Lack of transparency over the management charges and transaction costs imposed by financial institutions in the UK is, he says, one of the reasons why asset management charges on pension funds in the UK typically amount to 1-1.5 per cent a year compared with just 0.55 per cent in the Netherlands. "Over decades of paying into a pension pot, that makes an enormous difference to the final size of the fund," says Fraser.
Fraser also said he hoped that the combination of UK and EU regulation and legislation would eventually help rein in the "the gravity-defying remuneration" of many UK business leaders, which he said is entrenching inequality.
Ahead of the annual general meeting of advertising giant WPP on Tuesday investors are being urged to vote against chief executive Martin Sorrell's pay award of £43 million for 2014.
Pensions and Investment Research Consultants (PIRC) - which points out that Sorrell is paid 37 times his base salary of £1.15m and 179 times more than the average employee at the company making him the highest paid boss of a British public company - have urged investors to vote against WPP's remuneration report.
According to Fraser, the collapse of RBS was a failure of corporate governance and regulation aided and abetted by "short termist and delusional" institutional investors.
"Auditors, ratings agencies, institutional investors and regulators all failed to spot that the Emperor was wearing no clothes," he said. "Investors were driving the bank to leverage up its balance sheet and to carry as little capital as possible in order in order to enhance short-term returns. Investors were lulled into a false sense of security by the seeming success of the bank."
Although there are some honourable exceptions in the UK financial world (Edinburgh-based investment houses Baillie Gifford and Walter Scott & Partners who are both known for their long-term "buy and hold" investment approach) average time a share is held by UK and US institutional investors is less than seven months today compared to seven years 50 years ago.
At the extreme end of the spectrum, high frequency traders and some hedge funds sometimes hold shares for no longer than twenty seconds: a form of "portfolio churning" that the Bank of England's chief economist Andy Haldane has criticised for adding transaction costs - borne by end-savers in the form of management fees - that mean that, on average, actively managed portfolios underperform "passive, sit-on-you-hands strategies".
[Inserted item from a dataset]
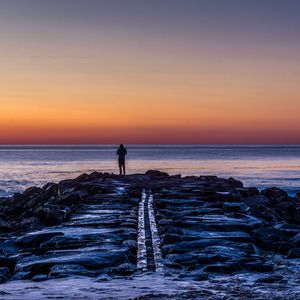 Preview wallpaper man, shore, evening, sea
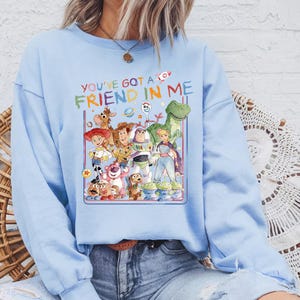 May include: Light blue sweatshirt featuring a colorful graphic of characters from the animated film "Toy Story." The graphic includes Woody, Buzz Lightyear, and other characters, with the text "You've Got a Friend in Me."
It is all a far cry from Germany's approach to investment and corporate governance where the country's envied Mittelstand of small to medium sized export-oriented companies famously invest for the long-term and is held up by economists as a preferable way of doing business than that of most listed companies which face intense quarterly and annual pressure to meet analyst and shareholder expectations.
The aftermath of the financial crisis gave birth, in 2011, to the Occupy protest movement sit-ins in Wall Street and the City of London, which called for fundamental reform of corporate governance.
This was followed, in 2012, with the "shareholder spring" which saw shareholder activists in the UK rise up against corporate greed and traditionally back-seat investors flexed their muscles to the extent that several chief executives of top companies were booted out of office.
Some of that idealism has, since then, died down and the Occupy movement has largely withered away. However, if those protests helped spur on the legislative reforms now in the pipeline that will improve corporate governance, boost investment and help deliver future growth then it will have been worth it.